Dataset excerpt:
● ● ●
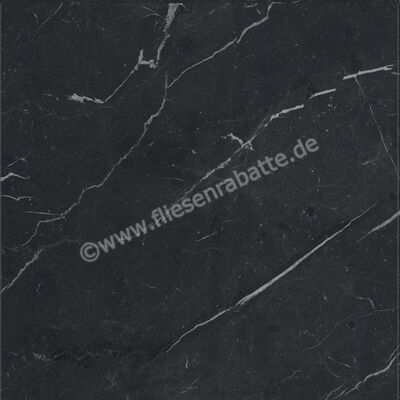  Ceramiche Caesar Marble Inspiration Anima Futura Unique Black 120x120 cm Bodenfliese / Wandfliese Glänzend Eben Lucidato AGCF CAE | 475226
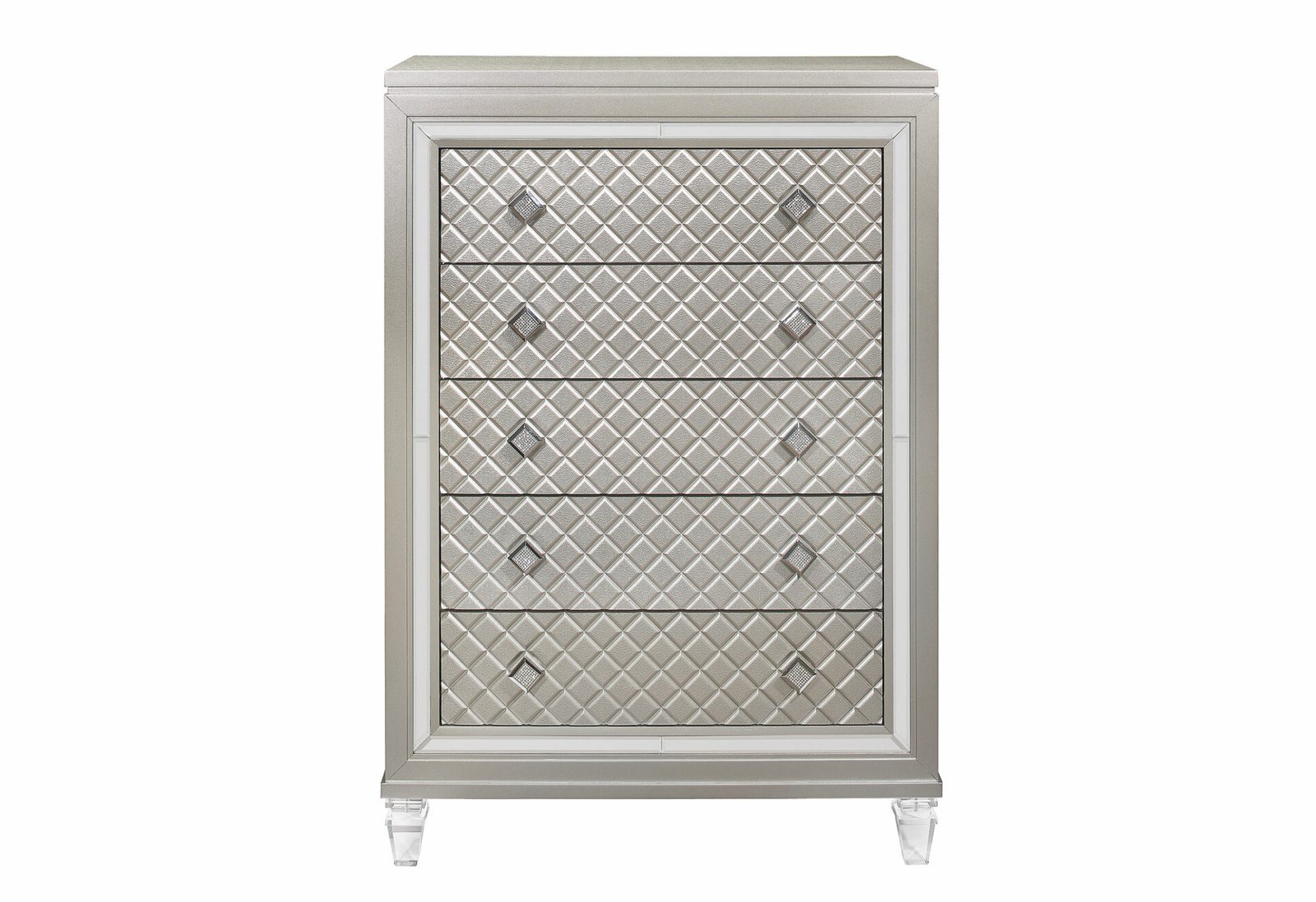 Second image of PARIS CHAMPAGNE CHEST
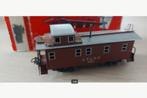 HO Märklin 4570 USA Santa Fe AT&S.F Caboose., Ophalen, Wisselstroom, Märklin, Nieuw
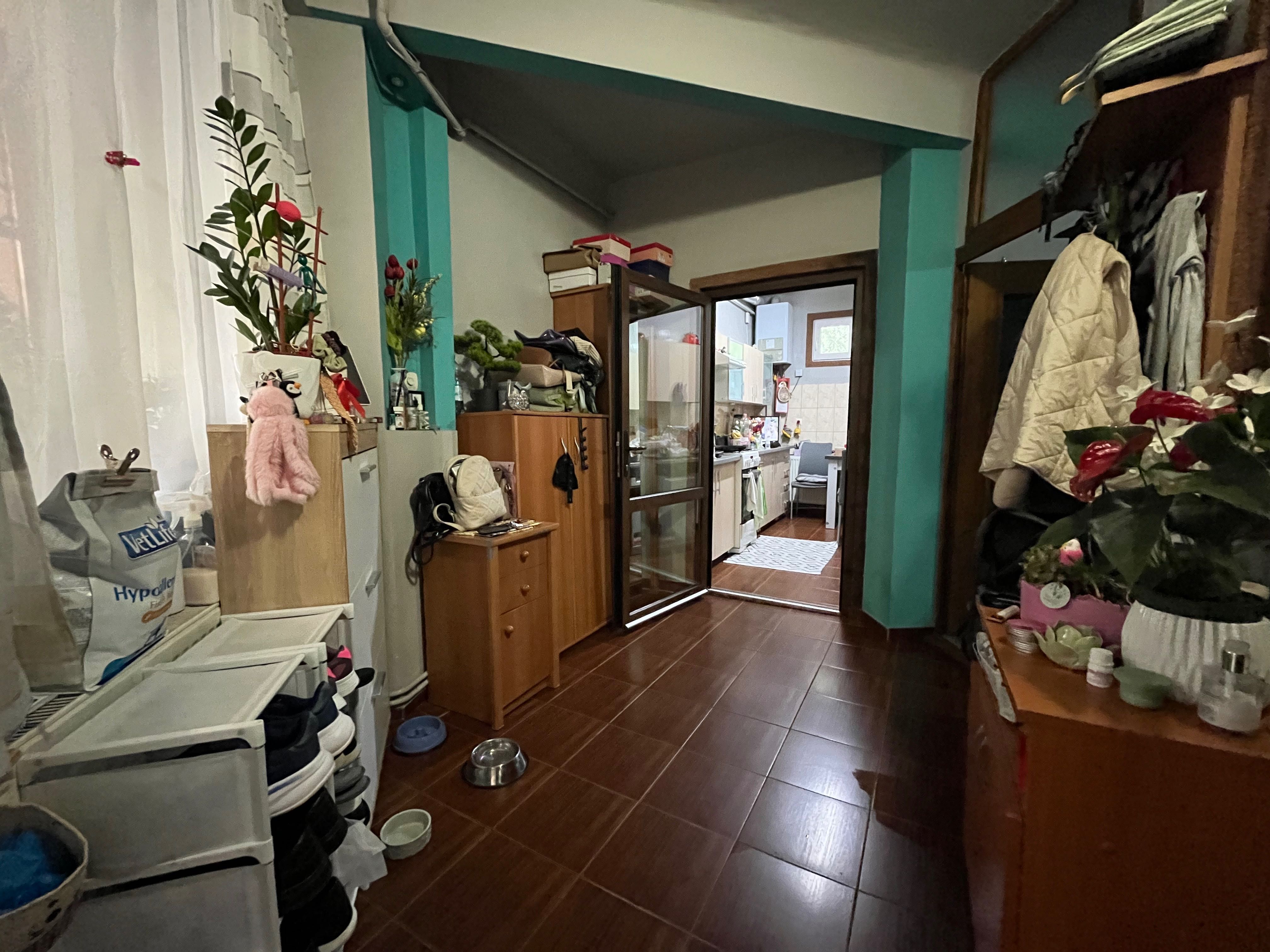 PROPRIETAR vand apartament 4 camere Timisoara, Iosefin, 2 bai, terasa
● ● ●
Task to complete:
From the line holding "Second image of PARIS CHAMPAGNE CHEST" to the final line of the data above, give each line again exactly, both ends included, and drop the pictures.

Response below:
 Second image of PARIS CHAMPAGNE CHEST
 HO Märklin 4570 USA Santa Fe AT&S.F Caboose., Ophalen, Wisselstroom, Märklin, Nieuw
 PROPRIETAR vand apartament 4 camere Timisoara, Iosefin, 2 bai, terasa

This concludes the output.